------ SUPPLIED RECORDS ------

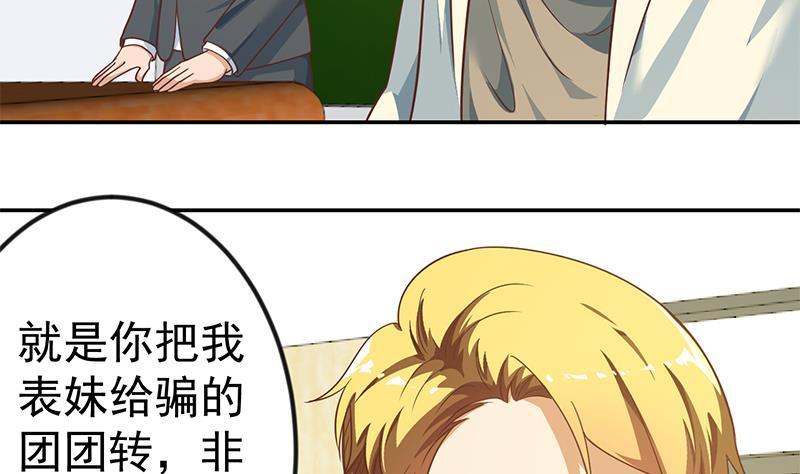 修仙归来在校园韩漫全集-第135话 来了转校生！无删减无遮挡章节图片 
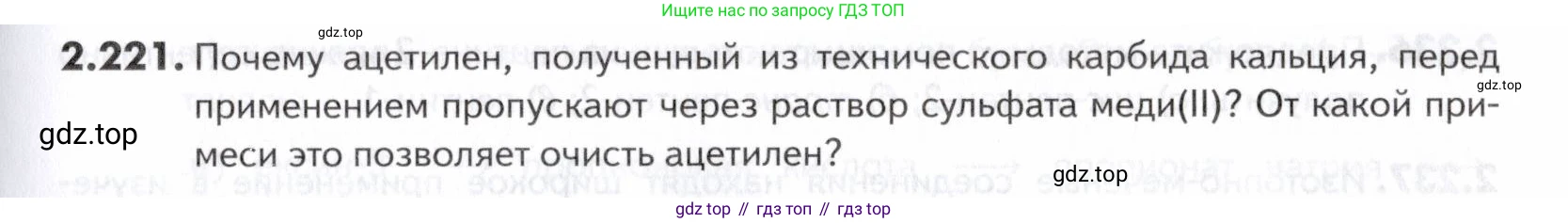 ГДЗ Химия, 10-11 класс Задачник, авторы: Еремин Вадим Владимирович, Дроздов Андрей Анатольевич, Ромашов Леонид Владимирович, издательство Просвещение, Москва, 2023, белого цвета, страница 57, номер 221, Условие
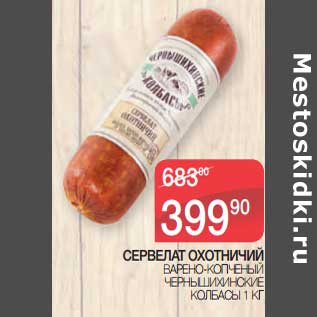 Акция - Сервелат Охотничий варено-копченый Чернышихинские колбасы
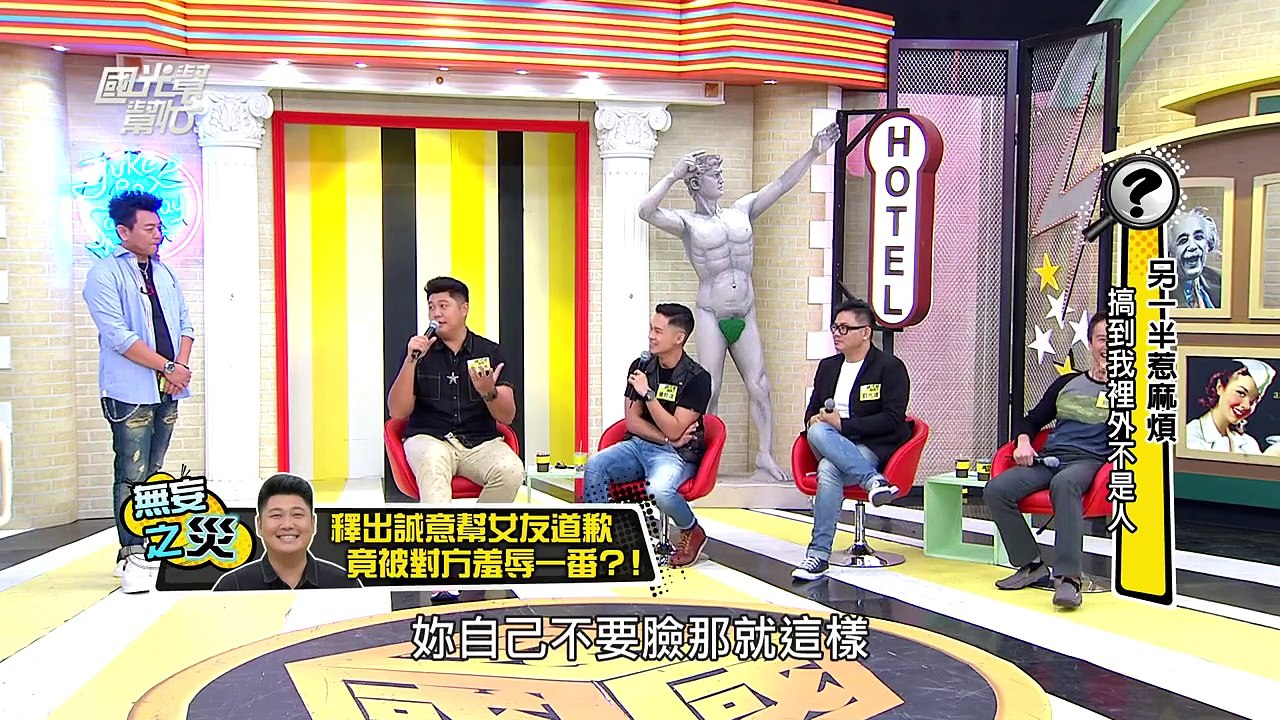 另一半惹麻煩！裡外不是人！！20151019 國光幫幫忙 3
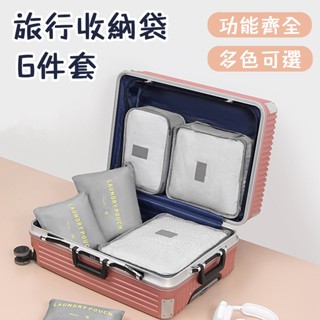 多功能行李箱收納袋 旅行六件套(大號) 旅行衣物整理袋 行李箱收納包 收納袋 旅行袋 登機包 健身包 行李包 媽媽包
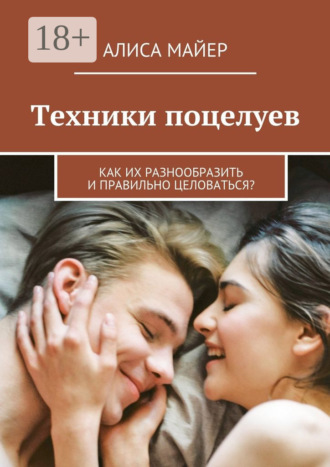 Техники поцелуев. Как их разнообразить и правильно целоваться?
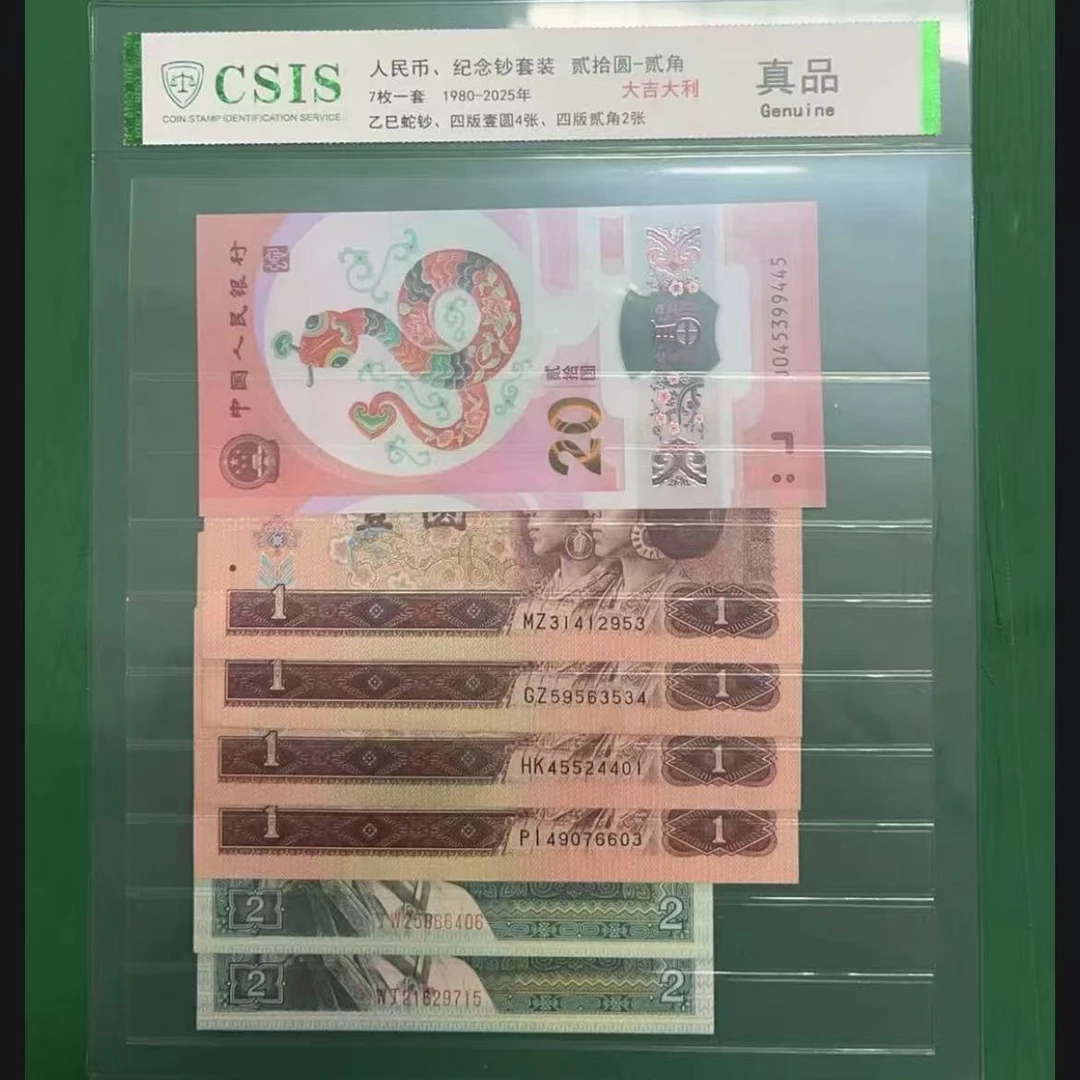 钱币收藏第四套（已退市）小五福流通品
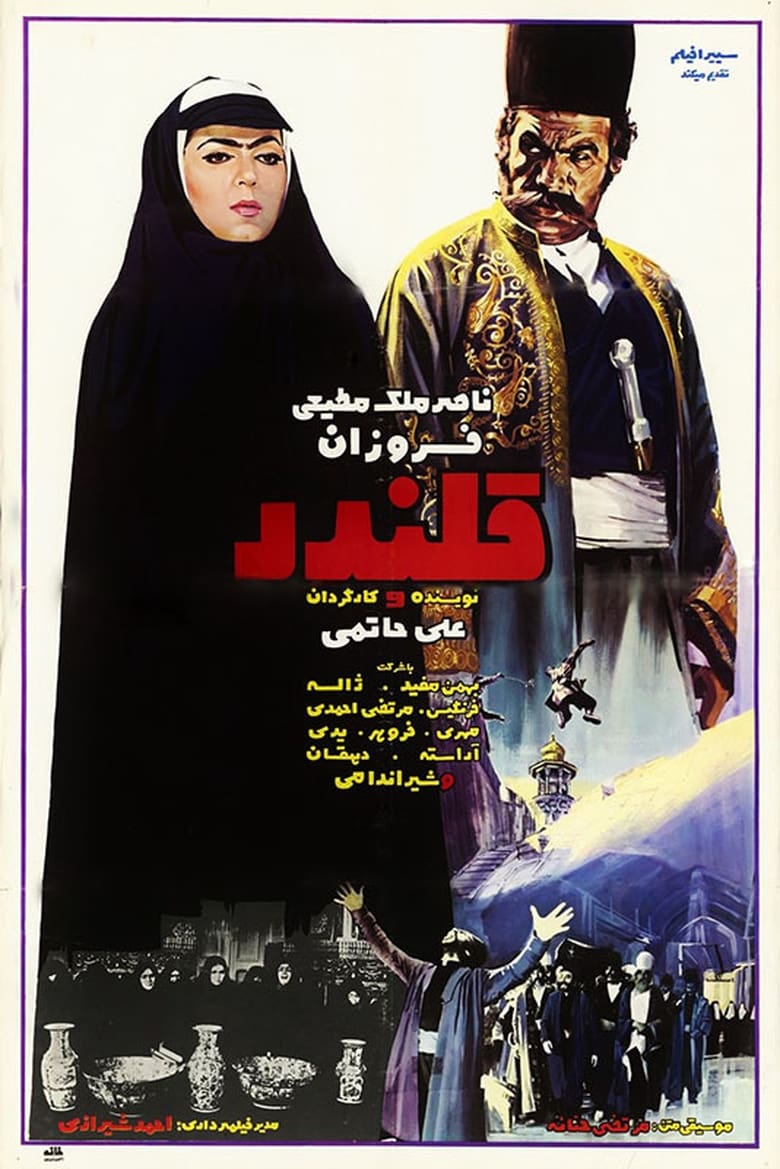 Poster of Ghalandar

------

** TASK INSTRUCTIONS **
Please output all the records above exactly, leaving out every picture.

** EXERCISE OUTPUT **
 修仙归来在校园韩漫全集-第135话 来了转校生！无删减无遮挡章节图片 
 ГДЗ Химия, 10-11 класс Задачник, авторы: Еремин Вадим Владимирович, Дроздов Андрей Анатольевич, Ромашов Леонид Владимирович, издательство Просвещение, Москва, 2023, белого цвета, страница 57, номер 221, Условие
 Акция - Сервелат Охотничий варено-копченый Чернышихинские колбасы
 另一半惹麻煩！裡外不是人！！20151019 國光幫幫忙 3
 多功能行李箱收納袋 旅行六件套(大號) 旅行衣物整理袋 行李箱收納包 收納袋 旅行袋 登機包 健身包 行李包 媽媽包
 Техники поцелуев. Как их разнообразить и правильно целоваться?
 钱币收藏第四套（已退市）小五福流通品
 Poster of Ghalandar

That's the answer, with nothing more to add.